- _PROBLEM REQUIREMENTS_:
Reproduce the entries in full, with no changes.

- _THE DATA_:
______
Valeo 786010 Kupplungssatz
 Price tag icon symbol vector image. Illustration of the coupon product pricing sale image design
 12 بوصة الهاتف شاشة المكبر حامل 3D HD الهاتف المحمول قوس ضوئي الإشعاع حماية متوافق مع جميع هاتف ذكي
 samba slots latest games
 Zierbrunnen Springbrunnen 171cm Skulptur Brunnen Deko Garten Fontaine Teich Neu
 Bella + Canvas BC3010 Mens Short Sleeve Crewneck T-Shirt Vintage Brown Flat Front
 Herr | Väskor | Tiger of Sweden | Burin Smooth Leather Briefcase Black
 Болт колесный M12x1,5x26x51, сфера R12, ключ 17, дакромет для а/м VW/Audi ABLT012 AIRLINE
______
- _ANSWER BOX_:
Valeo 786010 Kupplungssatz
 Price tag icon symbol vector image. Illustration of the coupon product pricing sale image design
 12 بوصة الهاتف شاشة المكبر حامل 3D HD الهاتف المحمول قوس ضوئي الإشعاع حماية متوافق مع جميع هاتف ذكي
 samba slots latest games
 Zierbrunnen Springbrunnen 171cm Skulptur Brunnen Deko Garten Fontaine Teich Neu
 Bella + Canvas BC3010 Mens Short Sleeve Crewneck T-Shirt Vintage Brown Flat Front
 Herr | Väskor | Tiger of Sweden | Burin Smooth Leather Briefcase Black
 Болт колесный M12x1,5x26x51, сфера R12, ключ 17, дакромет для а/м VW/Audi ABLT012 AIRLINE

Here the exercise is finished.